Task statement - Starting from the line containing "Linde H 25 Wózek", give again every line through the end of the entries, word for word. Pictures stay out of the copy.

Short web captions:

########################################

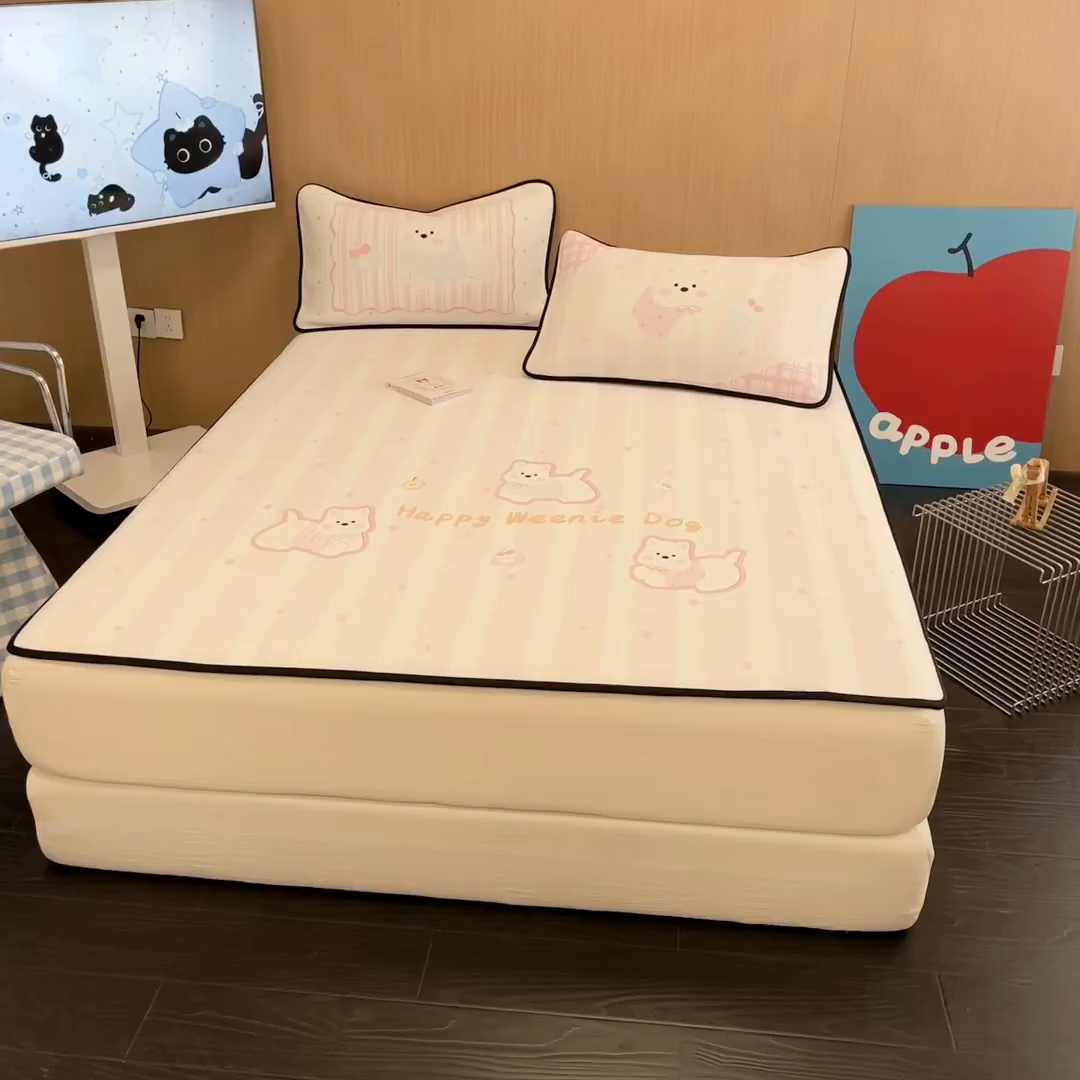 91家纺网 家纺一手货源 找家纺 懒猫家纺 2026新款大版卡通云感果冻床席床笠凉席 蜜桃汪星-床席款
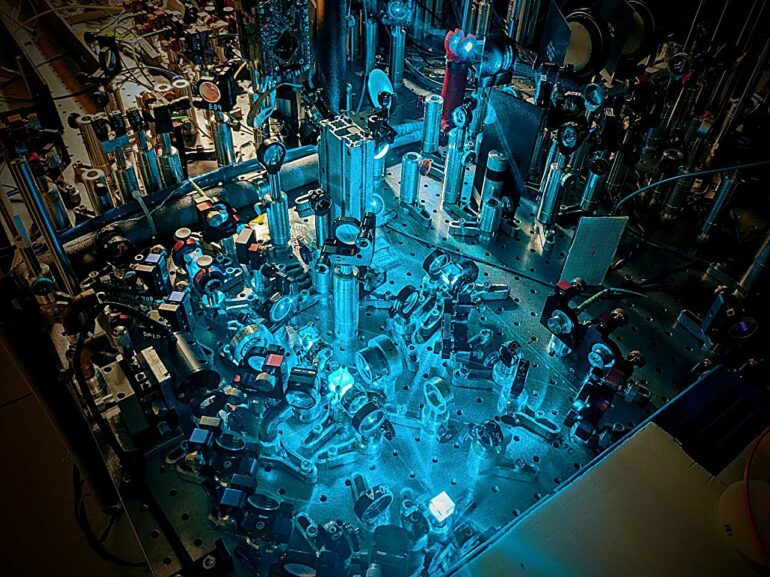 Quantum radio antenna uses Rydberg states for sensitive, all ...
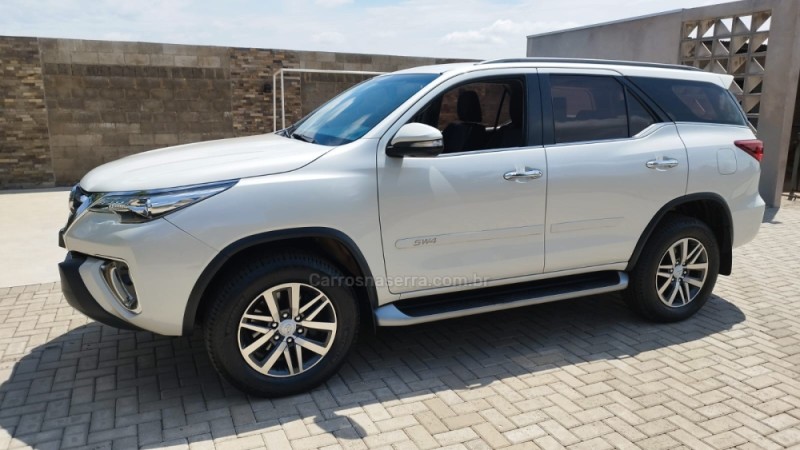 HILUX SW4 2.8 SRX 4X4 16V TURBO INTERCOOLER DIESEL 4P AUTOMÁTICO - 2017 - BENTO GONçALVES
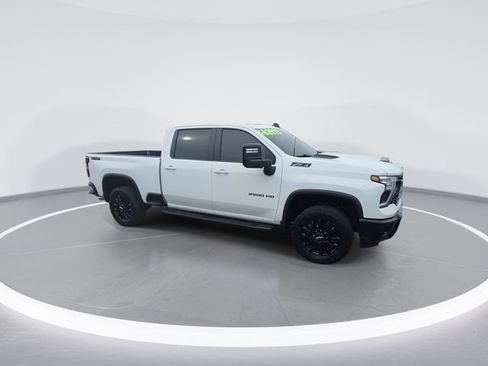 Used 2025 Chevrolet Silverado 2500 LT w/ Trail Boss Package AWD/4WD image 2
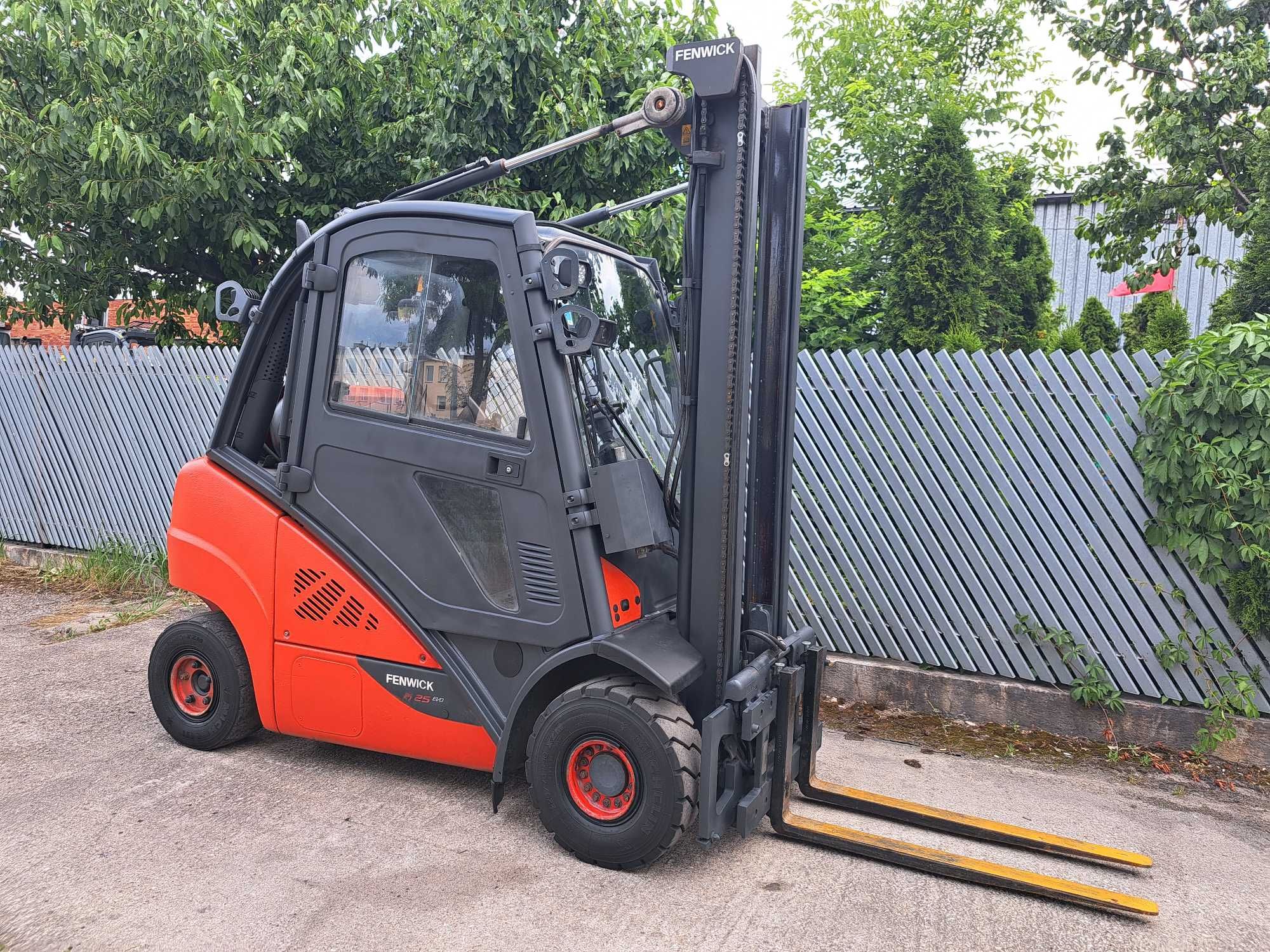 Linde H 25 Wózek widłowy Standard 405cm.  Kabina 2018r.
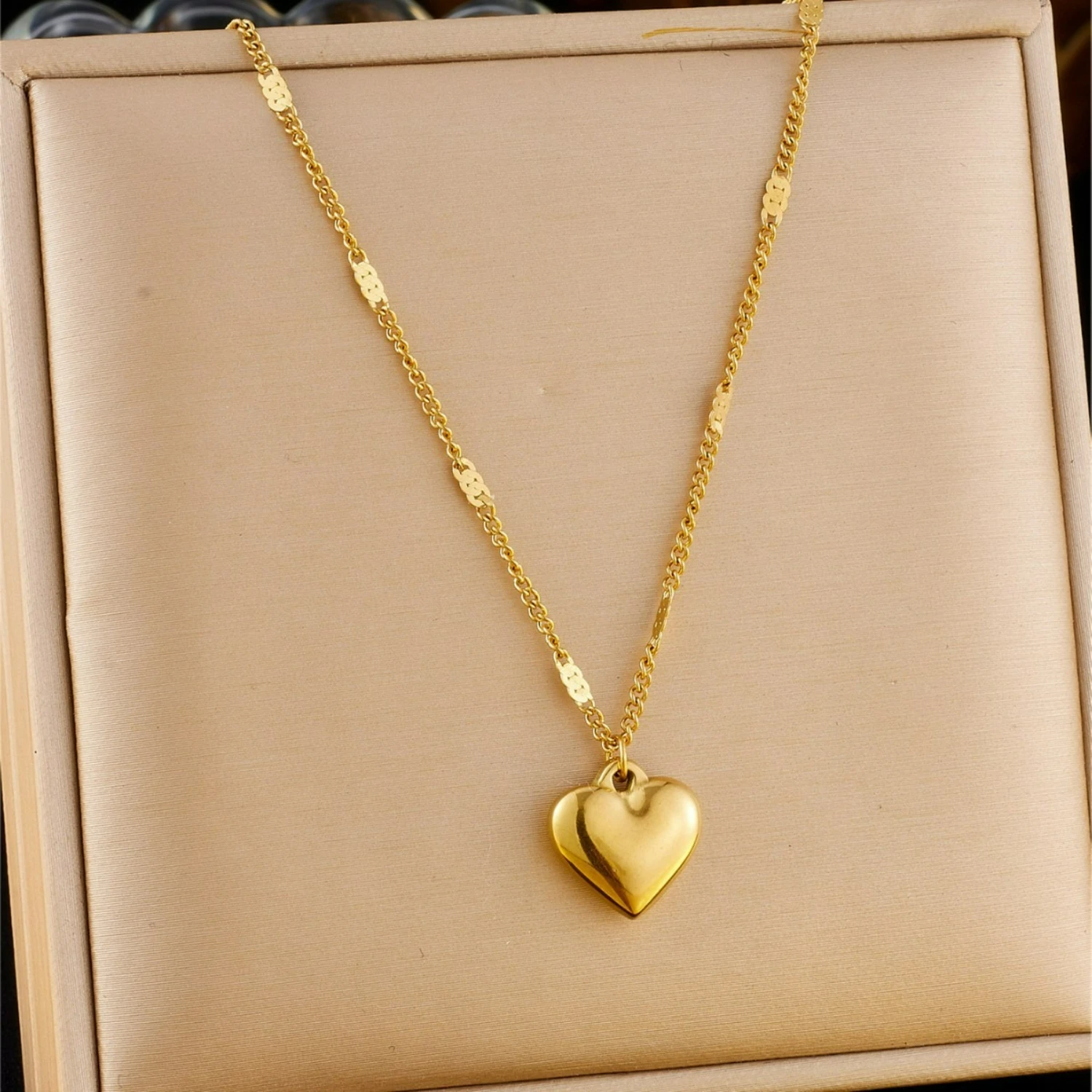 Gold Plated Stainless Steel Puffy Heart Pendant Necklace Dainty Romantic Jewelry Gift for Women Birthday Anniversary Valentine's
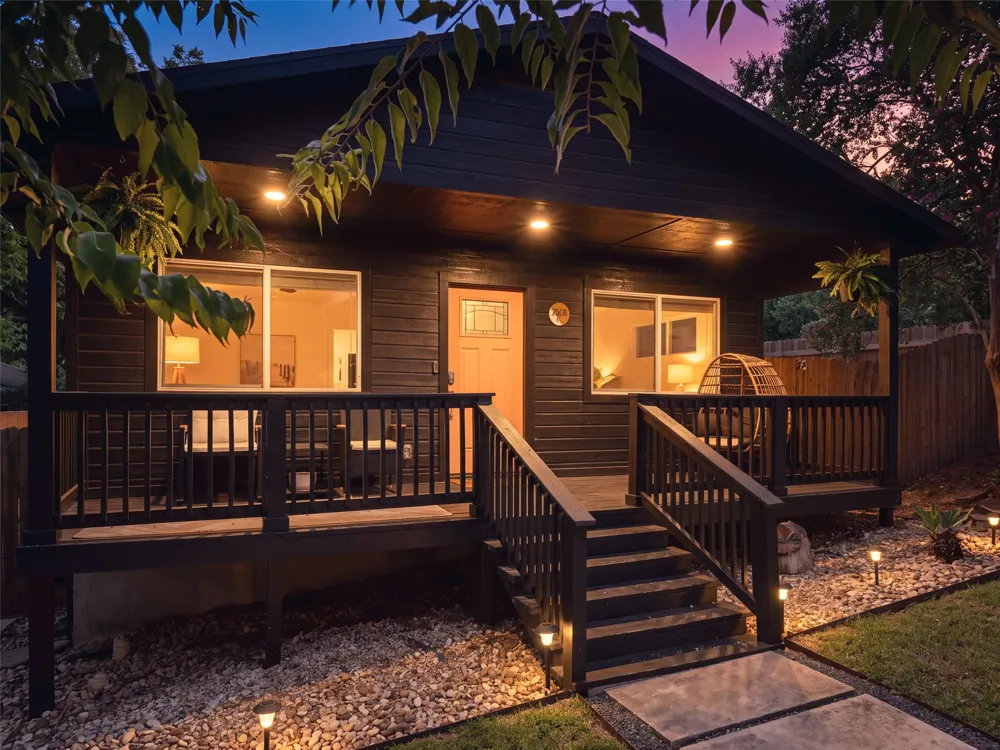 2501 E 11th Street #1 Austin, TX 78702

########################################

Written solution -
 Linde H 25 Wózek widłowy Standard 405cm.  Kabina 2018r.
 Gold Plated Stainless Steel Puffy Heart Pendant Necklace Dainty Romantic Jewelry Gift for Women Birthday Anniversary Valentine's
 2501 E 11th Street #1 Austin, TX 78702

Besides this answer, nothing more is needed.